* DATA SECTION *
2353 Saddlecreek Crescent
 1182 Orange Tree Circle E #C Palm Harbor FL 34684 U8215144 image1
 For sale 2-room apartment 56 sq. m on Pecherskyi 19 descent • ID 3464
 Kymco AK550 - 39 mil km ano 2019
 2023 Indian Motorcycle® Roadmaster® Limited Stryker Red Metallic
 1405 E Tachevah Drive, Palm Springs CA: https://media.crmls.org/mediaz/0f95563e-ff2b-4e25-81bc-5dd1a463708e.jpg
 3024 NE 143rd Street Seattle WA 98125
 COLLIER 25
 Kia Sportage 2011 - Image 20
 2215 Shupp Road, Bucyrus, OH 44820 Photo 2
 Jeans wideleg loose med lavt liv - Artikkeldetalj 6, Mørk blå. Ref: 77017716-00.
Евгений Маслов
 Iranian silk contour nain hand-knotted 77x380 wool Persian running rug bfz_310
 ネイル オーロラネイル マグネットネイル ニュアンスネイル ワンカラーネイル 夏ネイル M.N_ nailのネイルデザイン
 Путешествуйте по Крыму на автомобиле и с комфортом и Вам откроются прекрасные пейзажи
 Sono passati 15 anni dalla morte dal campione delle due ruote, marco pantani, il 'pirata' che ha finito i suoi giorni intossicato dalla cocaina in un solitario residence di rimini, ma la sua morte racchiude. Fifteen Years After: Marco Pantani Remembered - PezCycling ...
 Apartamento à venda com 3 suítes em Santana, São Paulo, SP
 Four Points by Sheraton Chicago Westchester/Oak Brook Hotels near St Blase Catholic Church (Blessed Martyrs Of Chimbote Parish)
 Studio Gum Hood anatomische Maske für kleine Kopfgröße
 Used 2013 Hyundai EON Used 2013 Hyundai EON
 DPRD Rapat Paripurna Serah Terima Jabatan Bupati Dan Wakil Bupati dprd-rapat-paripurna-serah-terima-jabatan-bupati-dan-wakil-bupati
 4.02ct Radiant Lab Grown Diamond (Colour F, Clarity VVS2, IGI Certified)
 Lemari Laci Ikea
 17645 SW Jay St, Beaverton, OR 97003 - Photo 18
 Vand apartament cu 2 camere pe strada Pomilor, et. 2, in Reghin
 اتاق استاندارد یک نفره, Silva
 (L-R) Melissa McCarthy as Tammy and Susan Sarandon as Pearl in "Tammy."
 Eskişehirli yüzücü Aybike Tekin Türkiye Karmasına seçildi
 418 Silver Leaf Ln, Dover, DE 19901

* ABOUT THIS TASK *
Restate, please, word for word the span of records running from the first line to the line bearing "Путешествуйте по Крыму", both included, and nothing outside it.

* REPLY *
2353 Saddlecreek Crescent
 1182 Orange Tree Circle E #C Palm Harbor FL 34684 U8215144 image1
 For sale 2-room apartment 56 sq. m on Pecherskyi 19 descent • ID 3464
 Kymco AK550 - 39 mil km ano 2019
 2023 Indian Motorcycle® Roadmaster® Limited Stryker Red Metallic
 1405 E Tachevah Drive, Palm Springs CA: https://media.crmls.org/mediaz/0f95563e-ff2b-4e25-81bc-5dd1a463708e.jpg
 3024 NE 143rd Street Seattle WA 98125
 COLLIER 25
 Kia Sportage 2011 - Image 20
 2215 Shupp Road, Bucyrus, OH 44820 Photo 2
 Jeans wideleg loose med lavt liv - Artikkeldetalj 6, Mørk blå. Ref: 77017716-00.
Евгений Маслов
 Iranian silk contour nain hand-knotted 77x380 wool Persian running rug bfz_310
 ネイル オーロラネイル マグネットネイル ニュアンスネイル ワンカラーネイル 夏ネイル M.N_ nailのネイルデザイン
 Путешествуйте по Крыму на автомобиле и с комфортом и Вам откроются прекрасные пейзажи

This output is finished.